> **AIM OF THE TASK**:
Return each record verbatim, images excluded.

> **Scraped caption text data**:
+++

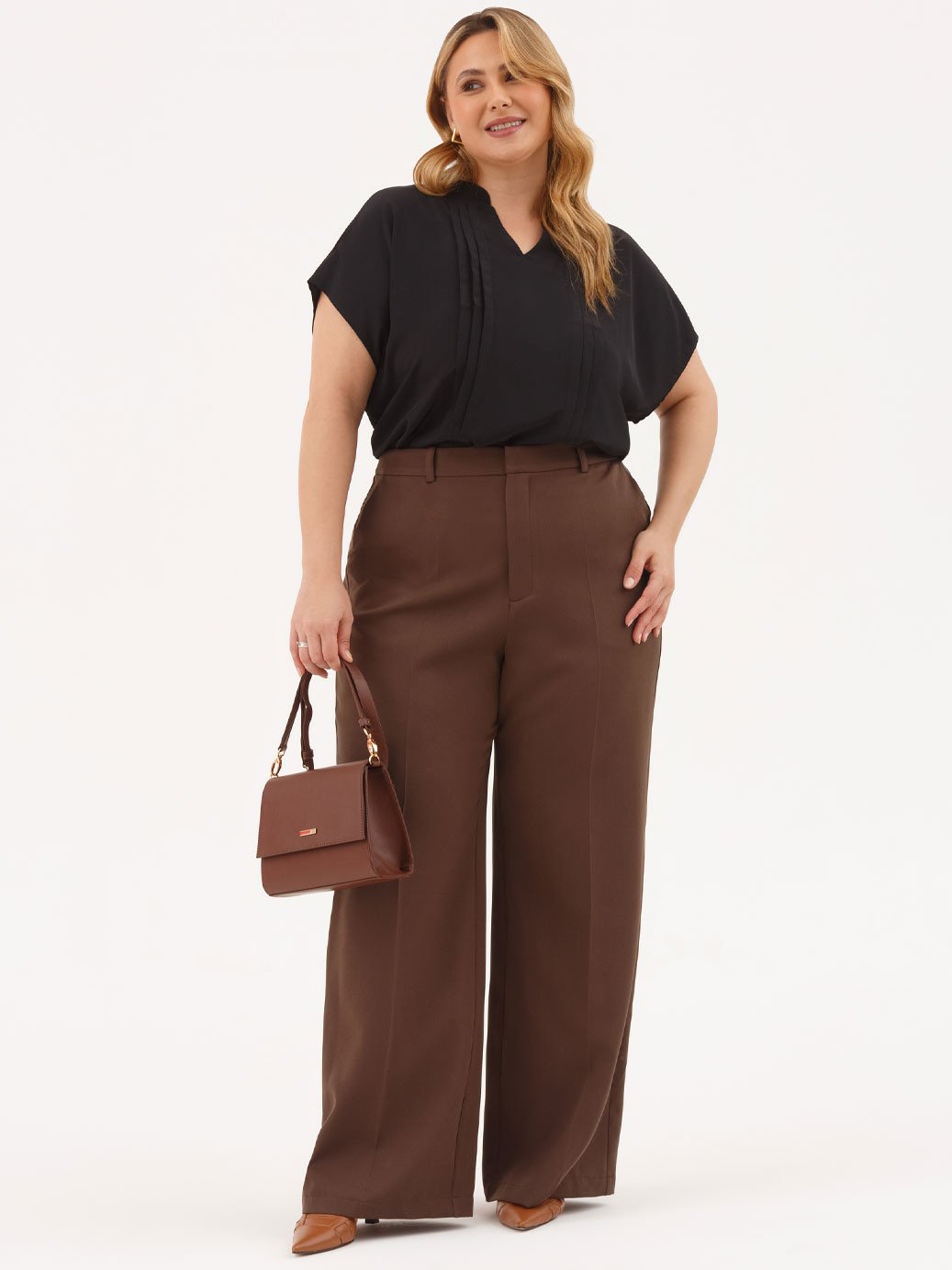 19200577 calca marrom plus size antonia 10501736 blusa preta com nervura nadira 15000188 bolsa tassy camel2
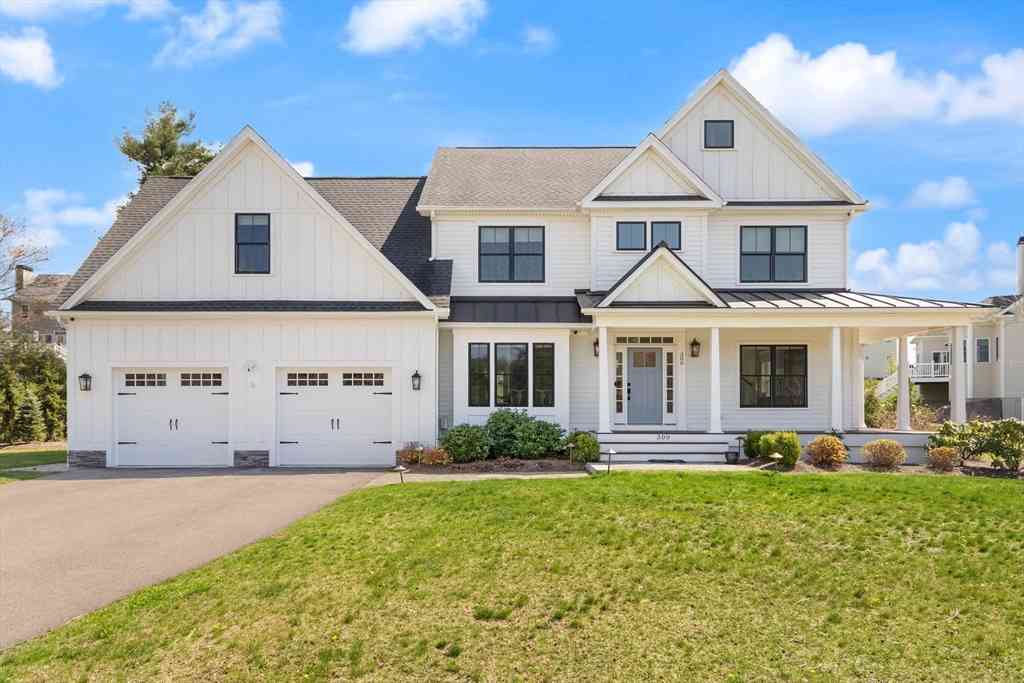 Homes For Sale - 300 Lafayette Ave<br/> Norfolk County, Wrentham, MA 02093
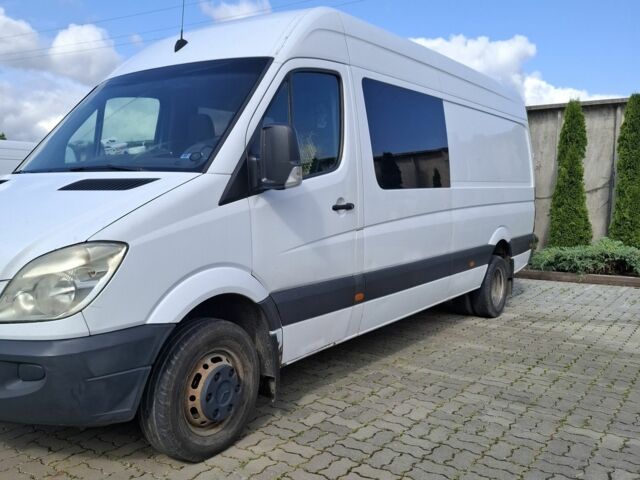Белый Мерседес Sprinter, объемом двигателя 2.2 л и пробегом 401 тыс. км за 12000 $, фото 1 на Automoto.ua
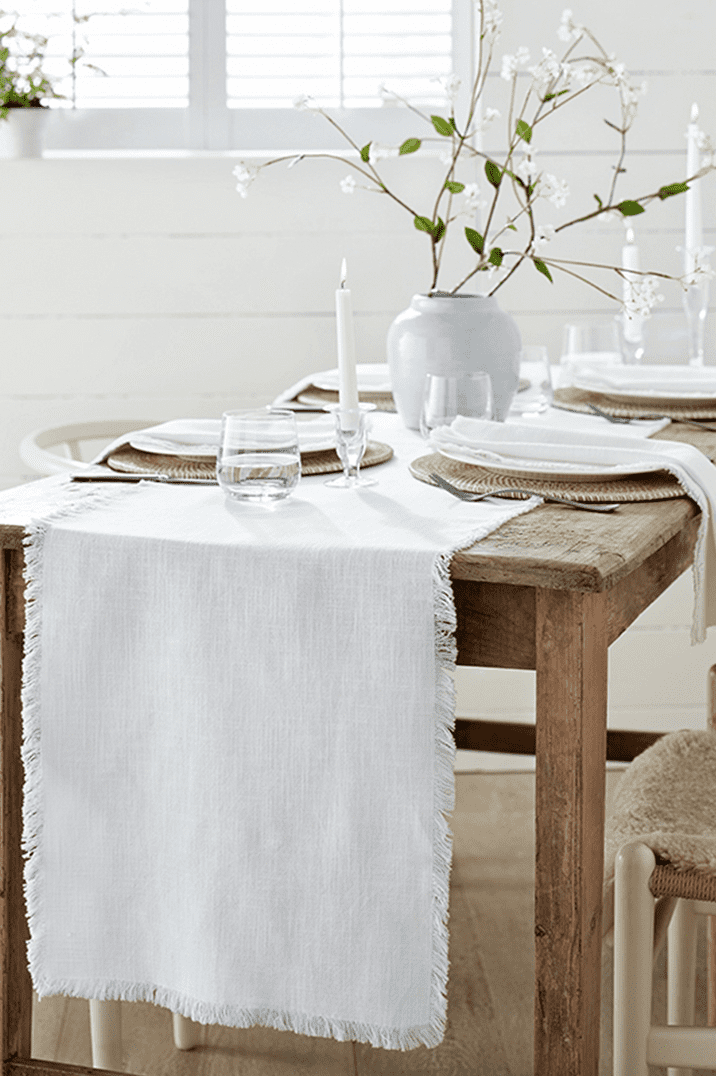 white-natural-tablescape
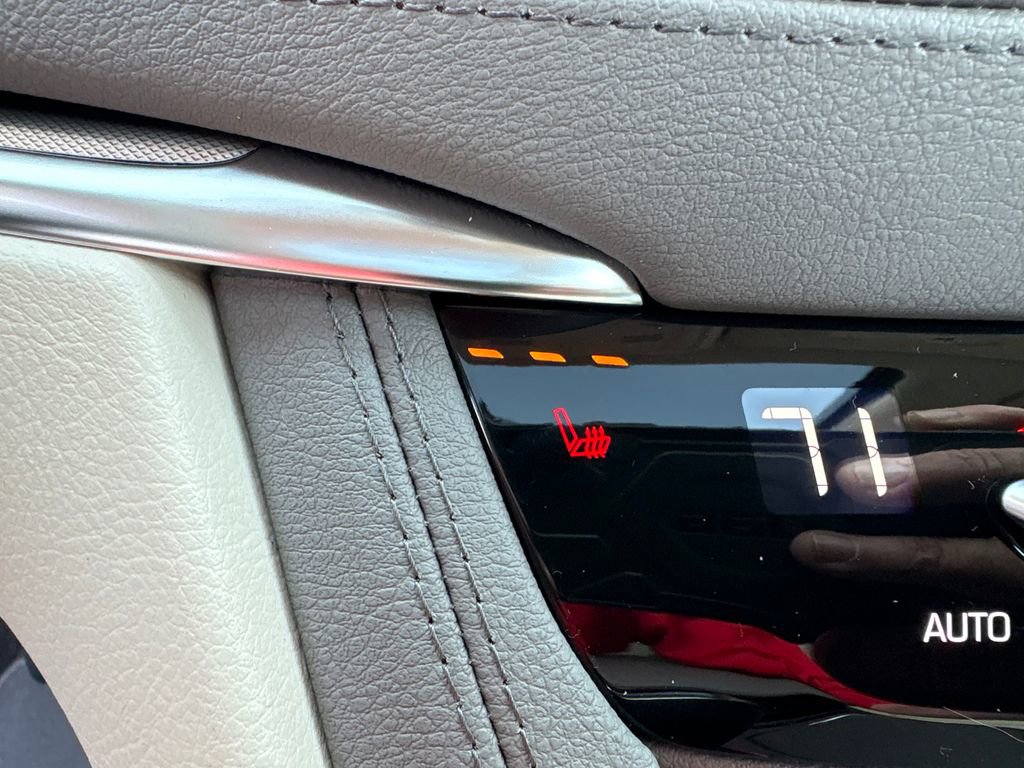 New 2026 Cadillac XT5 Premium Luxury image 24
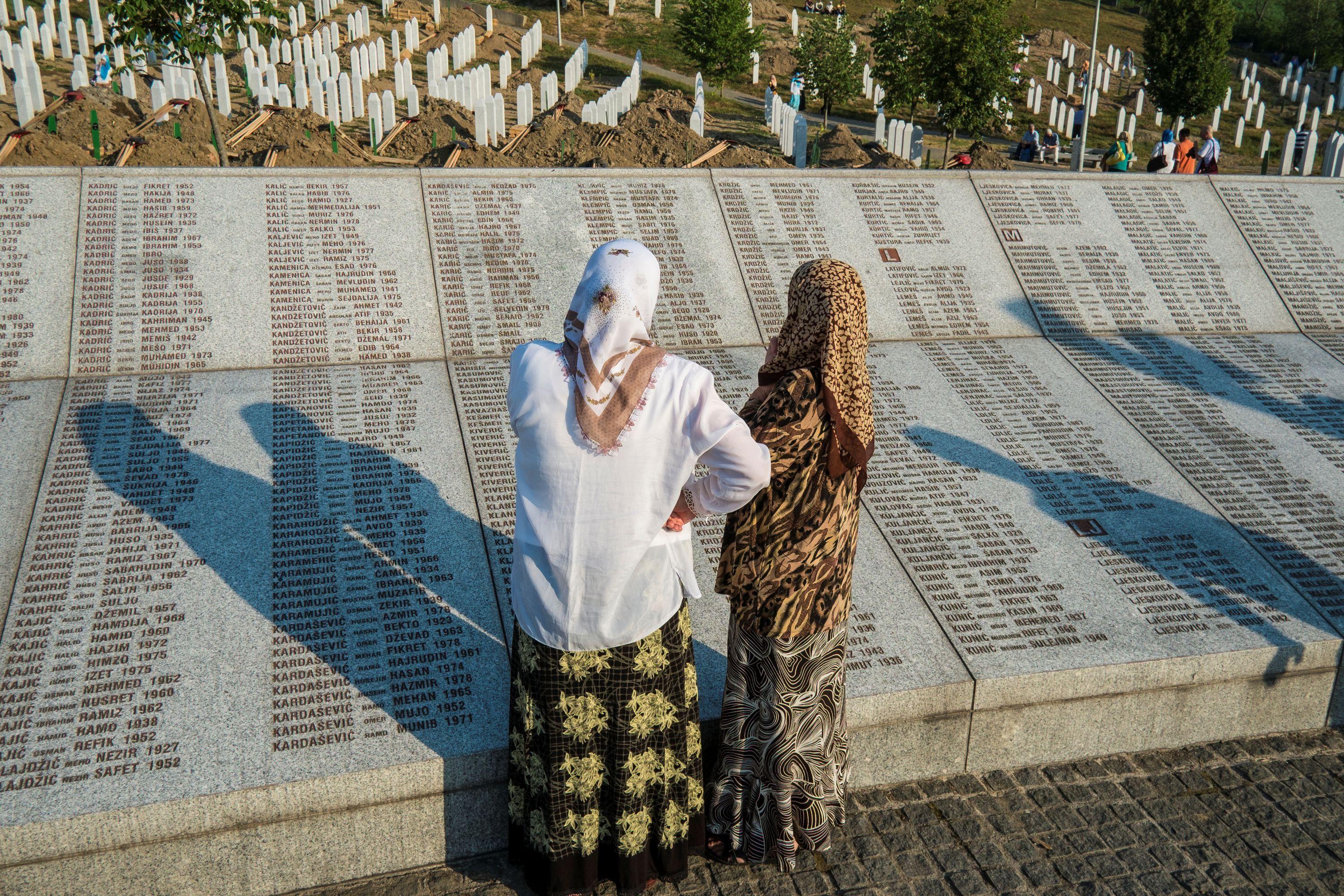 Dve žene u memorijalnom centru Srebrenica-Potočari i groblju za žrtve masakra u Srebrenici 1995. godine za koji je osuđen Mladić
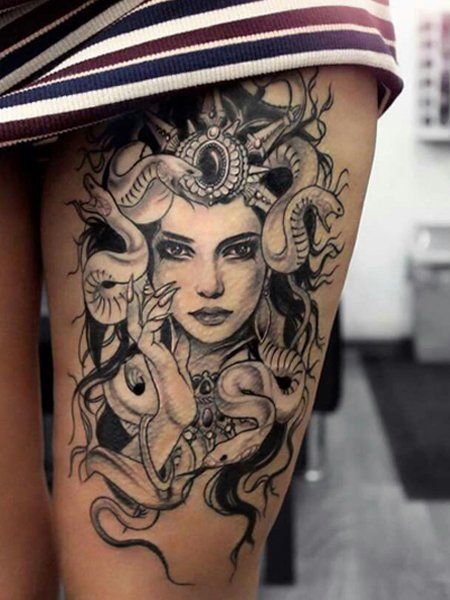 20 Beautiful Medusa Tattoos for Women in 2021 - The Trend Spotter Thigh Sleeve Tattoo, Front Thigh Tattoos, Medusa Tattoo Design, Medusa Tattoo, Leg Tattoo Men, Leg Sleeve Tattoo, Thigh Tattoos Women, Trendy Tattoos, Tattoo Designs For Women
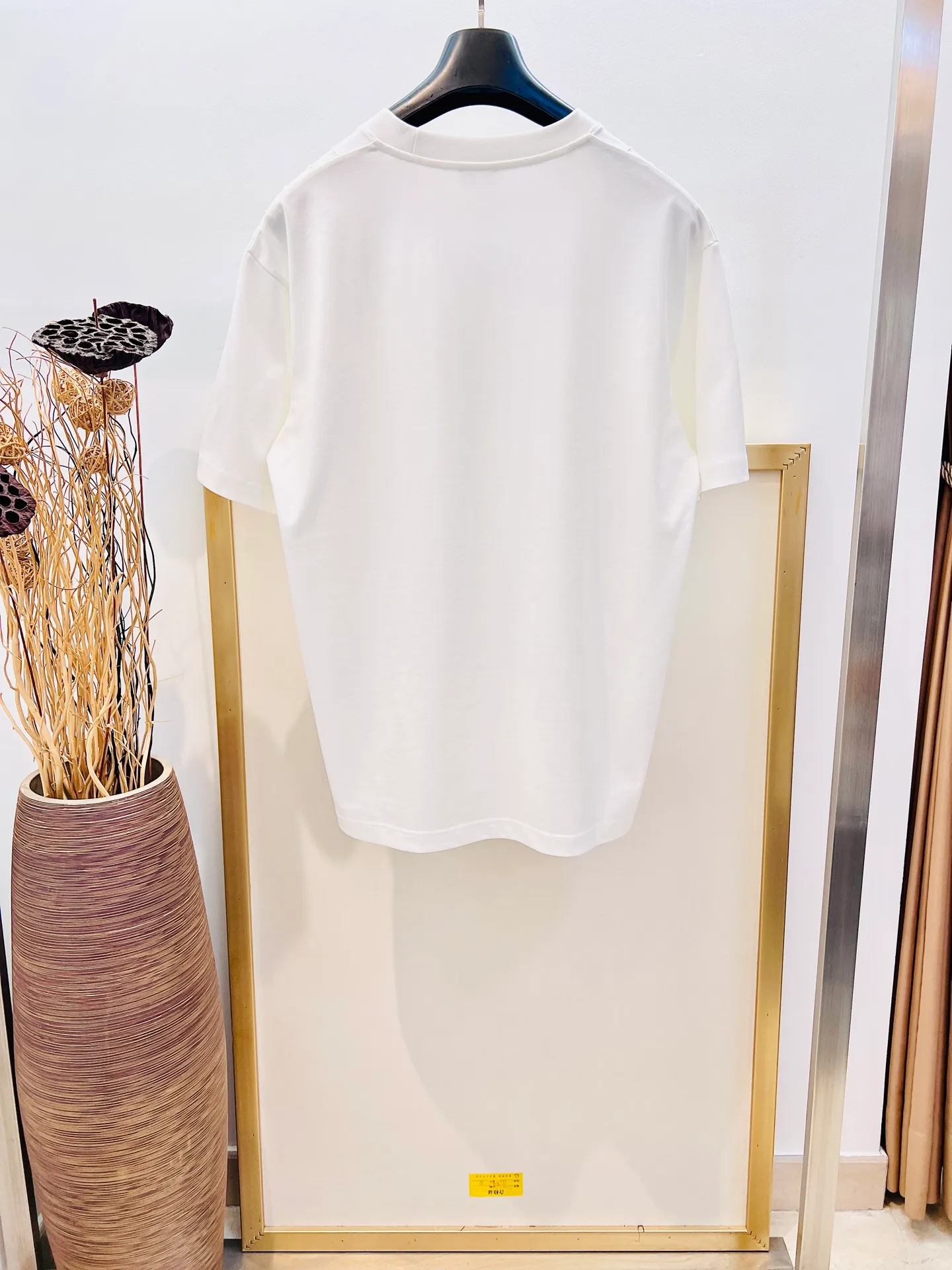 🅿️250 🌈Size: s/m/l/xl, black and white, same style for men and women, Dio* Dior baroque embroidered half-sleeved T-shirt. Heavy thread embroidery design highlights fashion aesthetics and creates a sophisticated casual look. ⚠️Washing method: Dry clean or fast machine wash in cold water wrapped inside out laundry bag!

+++

> **ANSWER TO THIS PROBLEM**:
 19200577 calca marrom plus size antonia 10501736 blusa preta com nervura nadira 15000188 bolsa tassy camel2
 Homes For Sale - 300 Lafayette Ave<br/> Norfolk County, Wrentham, MA 02093
Белый Мерседес Sprinter, объемом двигателя 2.2 л и пробегом 401 тыс. км за 12000 $, фото 1 на Automoto.ua
 white-natural-tablescape
 New 2026 Cadillac XT5 Premium Luxury image 24
 Dve žene u memorijalnom centru Srebrenica-Potočari i groblju za žrtve masakra u Srebrenici 1995. godine za koji je osuđen Mladić
 20 Beautiful Medusa Tattoos for Women in 2021 - The Trend Spotter Thigh Sleeve Tattoo, Front Thigh Tattoos, Medusa Tattoo Design, Medusa Tattoo, Leg Tattoo Men, Leg Sleeve Tattoo, Thigh Tattoos Women, Trendy Tattoos, Tattoo Designs For Women
 🅿️250 🌈Size: s/m/l/xl, black and white, same style for men and women, Dio* Dior baroque embroidered half-sleeved T-shirt. Heavy thread embroidery design highlights fashion aesthetics and creates a sophisticated casual look. ⚠️Washing method: Dry clean or fast machine wash in cold water wrapped inside out laundry bag!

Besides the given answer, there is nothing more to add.